Nowadays, data volumes are tremendously large in terms of aspects such as the number of features and most machine learning and data mining techniques may not be productive for high dimensional data, query accuracy and efficiency lessen swiftly as the dimension increases, the so-called curse of dimensionality. One of the requirements of good representation is conciseness since representation that uses too many features incurs major computational difficulties and may lead to poor prediction performance. Attribute selection is one of the significant methods in which the
objective is to choose a small subset to predict the target sufficiently well. Feature selection selects the most importance features, eliminates irrelevant and redundant features from the entire set of attributes, reduces the computational complexity of any learning and prediction algorithm used in the process, and reduces cost by excluding unselected features.
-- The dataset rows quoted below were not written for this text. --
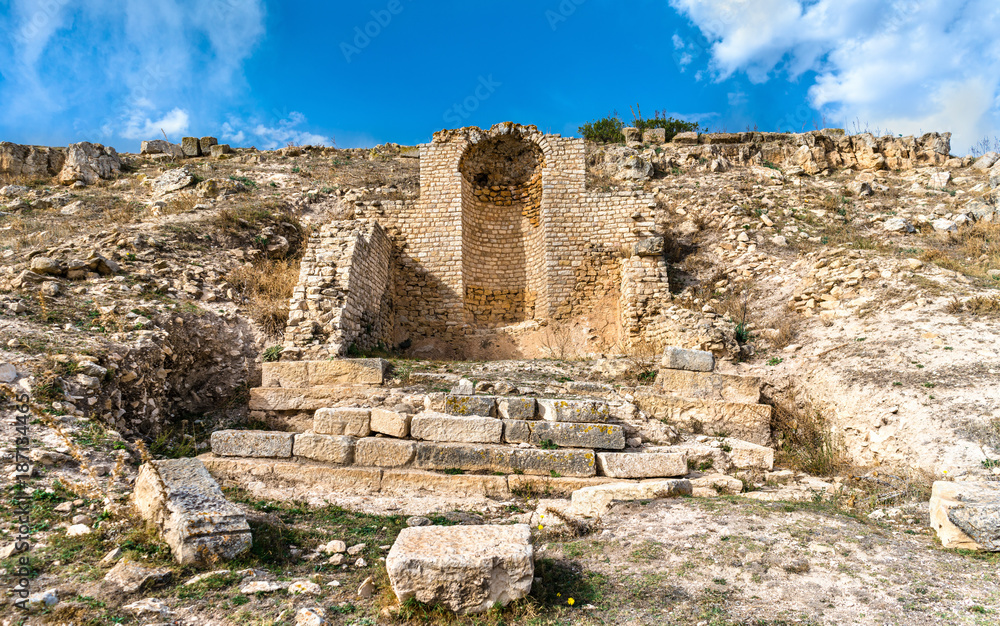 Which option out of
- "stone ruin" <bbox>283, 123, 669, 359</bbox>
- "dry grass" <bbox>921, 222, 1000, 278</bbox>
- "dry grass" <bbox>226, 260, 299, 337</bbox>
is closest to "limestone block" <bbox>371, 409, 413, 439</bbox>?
"dry grass" <bbox>226, 260, 299, 337</bbox>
A floating search is commonly used for the searching process. They are heuristic search methods which dynamically change the number of attributes included or eliminated at each step; they have produced very good results. The principal improvement of this thesis is focused on filter-based feature selection using genetic algorithm technique. Filters are normally less computationally intensive than wrapper method because wrappers apply a predictive model to score feature subsets. This approach is selected to be fast to reckon, whereas rooted to spot apprehending the goodness of the feature subsets. GA method can help to gain more diversity of population and provides us a way of reducing search space. Moreover, the contributions related to improves the contemporary sequential forward floating selection algorithm. In this thesis, an improving feature step using genetic algorithm is proposed as an additional step in a floating search. The objective is to eliminate weak features and replace a predominant one at each sequential step. From the research observations, the proposed method was discovered to be beneficial in selecting features that can boost the accuracy of data classification. Moreover, the experimental outcomes show that the proposed method with the genetic algorithm enhanced classification correctness and cut down data dimensionality for supervised learning problems.